Each entry must be returned exactly. None may be omitted.

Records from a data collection
Start of Block

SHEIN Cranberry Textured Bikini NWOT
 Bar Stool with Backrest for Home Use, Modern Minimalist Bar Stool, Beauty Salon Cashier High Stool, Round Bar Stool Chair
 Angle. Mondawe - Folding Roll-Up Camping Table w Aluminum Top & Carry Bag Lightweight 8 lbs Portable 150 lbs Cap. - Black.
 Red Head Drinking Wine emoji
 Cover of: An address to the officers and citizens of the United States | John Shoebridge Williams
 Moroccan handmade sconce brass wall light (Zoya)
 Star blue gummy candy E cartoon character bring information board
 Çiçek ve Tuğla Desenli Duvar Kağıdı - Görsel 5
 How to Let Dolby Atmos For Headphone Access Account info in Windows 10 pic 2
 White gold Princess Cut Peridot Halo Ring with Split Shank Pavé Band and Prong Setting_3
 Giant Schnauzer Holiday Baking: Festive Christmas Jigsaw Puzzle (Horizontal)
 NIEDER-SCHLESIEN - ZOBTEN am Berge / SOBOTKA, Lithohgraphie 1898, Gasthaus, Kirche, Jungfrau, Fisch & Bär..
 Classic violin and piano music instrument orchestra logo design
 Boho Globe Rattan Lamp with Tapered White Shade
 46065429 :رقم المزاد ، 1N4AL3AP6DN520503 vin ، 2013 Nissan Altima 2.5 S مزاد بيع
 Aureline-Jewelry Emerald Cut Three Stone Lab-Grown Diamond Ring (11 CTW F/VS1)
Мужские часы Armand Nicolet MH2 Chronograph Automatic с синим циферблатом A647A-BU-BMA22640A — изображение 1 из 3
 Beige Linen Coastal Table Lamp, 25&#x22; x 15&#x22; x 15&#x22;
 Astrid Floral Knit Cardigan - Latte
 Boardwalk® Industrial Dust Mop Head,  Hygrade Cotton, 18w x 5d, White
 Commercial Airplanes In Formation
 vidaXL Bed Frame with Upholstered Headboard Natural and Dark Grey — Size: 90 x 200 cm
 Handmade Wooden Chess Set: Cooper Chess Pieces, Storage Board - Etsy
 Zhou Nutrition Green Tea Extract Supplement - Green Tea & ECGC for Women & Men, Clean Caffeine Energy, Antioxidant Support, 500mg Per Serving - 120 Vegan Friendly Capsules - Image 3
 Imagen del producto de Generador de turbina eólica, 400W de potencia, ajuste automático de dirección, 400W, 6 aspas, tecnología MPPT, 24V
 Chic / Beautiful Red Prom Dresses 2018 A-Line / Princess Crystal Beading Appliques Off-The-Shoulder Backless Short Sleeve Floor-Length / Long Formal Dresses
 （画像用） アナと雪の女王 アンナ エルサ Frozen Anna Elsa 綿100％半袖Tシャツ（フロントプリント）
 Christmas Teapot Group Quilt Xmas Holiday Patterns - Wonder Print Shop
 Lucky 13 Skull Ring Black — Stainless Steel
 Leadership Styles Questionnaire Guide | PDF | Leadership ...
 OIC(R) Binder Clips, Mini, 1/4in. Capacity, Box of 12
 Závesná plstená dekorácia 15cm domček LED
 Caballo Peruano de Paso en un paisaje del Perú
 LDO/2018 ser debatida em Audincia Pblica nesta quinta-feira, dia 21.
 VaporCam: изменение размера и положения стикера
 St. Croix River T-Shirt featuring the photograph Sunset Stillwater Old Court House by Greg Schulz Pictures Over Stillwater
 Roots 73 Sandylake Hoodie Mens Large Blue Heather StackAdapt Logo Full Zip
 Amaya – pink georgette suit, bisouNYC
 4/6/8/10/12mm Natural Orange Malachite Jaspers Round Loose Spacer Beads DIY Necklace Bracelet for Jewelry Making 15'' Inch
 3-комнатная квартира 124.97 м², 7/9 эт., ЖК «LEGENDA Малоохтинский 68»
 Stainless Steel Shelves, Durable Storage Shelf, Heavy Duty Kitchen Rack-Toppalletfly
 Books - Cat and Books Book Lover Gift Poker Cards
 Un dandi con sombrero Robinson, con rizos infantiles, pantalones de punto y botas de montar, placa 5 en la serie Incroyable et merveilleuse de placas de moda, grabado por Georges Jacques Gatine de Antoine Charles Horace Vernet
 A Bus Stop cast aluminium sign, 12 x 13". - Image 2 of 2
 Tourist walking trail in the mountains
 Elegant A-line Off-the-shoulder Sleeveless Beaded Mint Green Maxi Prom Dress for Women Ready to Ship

End of Block

Answer for the task =
SHEIN Cranberry Textured Bikini NWOT
 Bar Stool with Backrest for Home Use, Modern Minimalist Bar Stool, Beauty Salon Cashier High Stool, Round Bar Stool Chair
 Angle. Mondawe - Folding Roll-Up Camping Table w Aluminum Top & Carry Bag Lightweight 8 lbs Portable 150 lbs Cap. - Black.
 Red Head Drinking Wine emoji
 Cover of: An address to the officers and citizens of the United States | John Shoebridge Williams
 Moroccan handmade sconce brass wall light (Zoya)
 Star blue gummy candy E cartoon character bring information board
 Çiçek ve Tuğla Desenli Duvar Kağıdı - Görsel 5
 How to Let Dolby Atmos For Headphone Access Account info in Windows 10 pic 2
 White gold Princess Cut Peridot Halo Ring with Split Shank Pavé Band and Prong Setting_3
 Giant Schnauzer Holiday Baking: Festive Christmas Jigsaw Puzzle (Horizontal)
 NIEDER-SCHLESIEN - ZOBTEN am Berge / SOBOTKA, Lithohgraphie 1898, Gasthaus, Kirche, Jungfrau, Fisch & Bär..
 Classic violin and piano music instrument orchestra logo design
 Boho Globe Rattan Lamp with Tapered White Shade
 46065429 :رقم المزاد ، 1N4AL3AP6DN520503 vin ، 2013 Nissan Altima 2.5 S مزاد بيع
 Aureline-Jewelry Emerald Cut Three Stone Lab-Grown Diamond Ring (11 CTW F/VS1)
Мужские часы Armand Nicolet MH2 Chronograph Automatic с синим циферблатом A647A-BU-BMA22640A — изображение 1 из 3
 Beige Linen Coastal Table Lamp, 25&#x22; x 15&#x22; x 15&#x22;
 Astrid Floral Knit Cardigan - Latte
 Boardwalk® Industrial Dust Mop Head,  Hygrade Cotton, 18w x 5d, White
 Commercial Airplanes In Formation
 vidaXL Bed Frame with Upholstered Headboard Natural and Dark Grey — Size: 90 x 200 cm
 Handmade Wooden Chess Set: Cooper Chess Pieces, Storage Board - Etsy
 Zhou Nutrition Green Tea Extract Supplement - Green Tea & ECGC for Women & Men, Clean Caffeine Energy, Antioxidant Support, 500mg Per Serving - 120 Vegan Friendly Capsules - Image 3
 Imagen del producto de Generador de turbina eólica, 400W de potencia, ajuste automático de dirección, 400W, 6 aspas, tecnología MPPT, 24V
 Chic / Beautiful Red Prom Dresses 2018 A-Line / Princess Crystal Beading Appliques Off-The-Shoulder Backless Short Sleeve Floor-Length / Long Formal Dresses
 （画像用） アナと雪の女王 アンナ エルサ Frozen Anna Elsa 綿100％半袖Tシャツ（フロントプリント）
 Christmas Teapot Group Quilt Xmas Holiday Patterns - Wonder Print Shop
 Lucky 13 Skull Ring Black — Stainless Steel
 Leadership Styles Questionnaire Guide | PDF | Leadership ...
 OIC(R) Binder Clips, Mini, 1/4in. Capacity, Box of 12
 Závesná plstená dekorácia 15cm domček LED
 Caballo Peruano de Paso en un paisaje del Perú
 LDO/2018 ser debatida em Audincia Pblica nesta quinta-feira, dia 21.
 VaporCam: изменение размера и положения стикера
 St. Croix River T-Shirt featuring the photograph Sunset Stillwater Old Court House by Greg Schulz Pictures Over Stillwater
 Roots 73 Sandylake Hoodie Mens Large Blue Heather StackAdapt Logo Full Zip
 Amaya – pink georgette suit, bisouNYC
 4/6/8/10/12mm Natural Orange Malachite Jaspers Round Loose Spacer Beads DIY Necklace Bracelet for Jewelry Making 15'' Inch
 3-комнатная квартира 124.97 м², 7/9 эт., ЖК «LEGENDA Малоохтинский 68»
 Stainless Steel Shelves, Durable Storage Shelf, Heavy Duty Kitchen Rack-Toppalletfly
 Books - Cat and Books Book Lover Gift Poker Cards
 Un dandi con sombrero Robinson, con rizos infantiles, pantalones de punto y botas de montar, placa 5 en la serie Incroyable et merveilleuse de placas de moda, grabado por Georges Jacques Gatine de Antoine Charles Horace Vernet
 A Bus Stop cast aluminium sign, 12 x 13". - Image 2 of 2
 Tourist walking trail in the mountains
 Elegant A-line Off-the-shoulder Sleeveless Beaded Mint Green Maxi Prom Dress for Women Ready to Ship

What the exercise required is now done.